My Story, from our sister, Sheila

I went to your site last night. Wow. I can't think of a superlative that wouldn't sound trite, cliché. I thought I knew something about this subject. I've told people for years that the two big triggers for my asthma were perfumes and cigarette smoke. I thought I was talking about 2 different things! I also learned why some of the "unscented" products I've tried were as bad as the ones with fragrance. Some are going to think you've overstated the problem. They couldn't be more wrong.

Please feel free to use the following (or any of my letter) in any way you think might help, if you so desire:

No one can possibly understand what it's like week after week, month after month, to attend the meetings, though you know what will happen when you get to the hall: Just greeting different friends, I used to feel the mucus start to build, the tightness and "feathers" start in my chest, before I'd even left the foyer for the seating area. 

Sisters would come up to say hello, warning, "Don't come too close. I'd hug you but I have on perfume," like that solves the problem. Why is it so hard to get through to people that in an enclosed building the heating/AC system carry these chemicals to the most distant corner? That it's not the perfume of just one person at work here, but a "witches brew" of all the various fragrances, mixing and swirling everywhere? Or that the effects of your perfume on an asthma sufferer may not be obvious to onlookers until some moments after you've moved away? 
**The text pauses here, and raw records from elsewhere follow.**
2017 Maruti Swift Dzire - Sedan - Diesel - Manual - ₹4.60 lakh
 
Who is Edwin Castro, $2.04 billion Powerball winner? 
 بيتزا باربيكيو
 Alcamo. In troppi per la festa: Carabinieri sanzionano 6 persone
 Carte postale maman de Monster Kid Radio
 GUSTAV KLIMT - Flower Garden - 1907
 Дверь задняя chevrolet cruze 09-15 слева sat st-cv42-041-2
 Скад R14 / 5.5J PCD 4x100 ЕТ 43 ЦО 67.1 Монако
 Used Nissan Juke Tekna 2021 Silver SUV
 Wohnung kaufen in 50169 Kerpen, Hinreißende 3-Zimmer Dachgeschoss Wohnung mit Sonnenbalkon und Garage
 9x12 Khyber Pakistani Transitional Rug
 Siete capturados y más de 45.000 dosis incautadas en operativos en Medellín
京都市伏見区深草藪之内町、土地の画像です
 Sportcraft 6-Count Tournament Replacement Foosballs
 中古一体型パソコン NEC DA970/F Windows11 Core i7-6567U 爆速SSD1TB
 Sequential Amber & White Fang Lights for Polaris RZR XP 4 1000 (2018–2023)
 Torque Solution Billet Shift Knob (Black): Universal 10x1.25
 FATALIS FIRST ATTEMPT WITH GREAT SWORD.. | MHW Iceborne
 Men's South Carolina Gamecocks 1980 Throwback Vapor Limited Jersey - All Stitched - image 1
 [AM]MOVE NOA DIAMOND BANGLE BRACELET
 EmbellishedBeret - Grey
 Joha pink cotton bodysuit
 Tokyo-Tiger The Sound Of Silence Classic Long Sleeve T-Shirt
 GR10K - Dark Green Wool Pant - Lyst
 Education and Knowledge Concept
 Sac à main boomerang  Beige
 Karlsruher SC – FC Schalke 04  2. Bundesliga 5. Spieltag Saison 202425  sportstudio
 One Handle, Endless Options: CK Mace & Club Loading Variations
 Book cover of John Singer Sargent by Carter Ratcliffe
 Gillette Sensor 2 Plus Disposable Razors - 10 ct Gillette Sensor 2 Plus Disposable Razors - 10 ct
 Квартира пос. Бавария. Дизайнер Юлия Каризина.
I tried everything I knew. I'd come in late, after everyone was seated. I'd go to the library, shut the door, turn on the fan and open the window, even in cool weather. I would still end up out in the parking lot, whooping, crowing, gagging, choking up large amounts of mucus, vomiting mucus I'd swallowed, blood pressure shooting up, head hurting like it would explode, vision graying out, legs buckling, heart going crazy....there were so many times when I should have gone to the Emergency Room, but the hospital is some distance from our KH (the next town), and I figured I'd either be better, or dead, before they got me there. When it reached the point that I often was not even making it through the opening song, I reluctantly stopped attending. Perhaps I waited too long. My doctor tells me my lungs and heart have been compromised by chronic, severe asthma.

My son once said  in anger and frustration, "Why should I care about being with them when they don't care about you, when they keep wearing that stuff even after they've been told what it does to you?" That's unfair. They do care. They weren't deliberately hurting me. It was just ignorance, combined with the human tendency to make excuse: "Surely that little bit can't hurt." "She must surely be exaggerating." 

I am something of a "hermit" now. I don't want to be. But every trip to the the department store, the grocery, etc. --even the hospital or the doctor's office!! -- is a "land mine" for me. It is almost a given that I will be assaulted by someone wearing so much cologne they advertise their approach and leave a long trail behind. And even with the pills, and the spray broncho-dialators and steroid inhalant, I will still be choking and crowing before I can get out. With all the other health problems I have, this just flattens me, leaving me like a wrung out dishrag for days.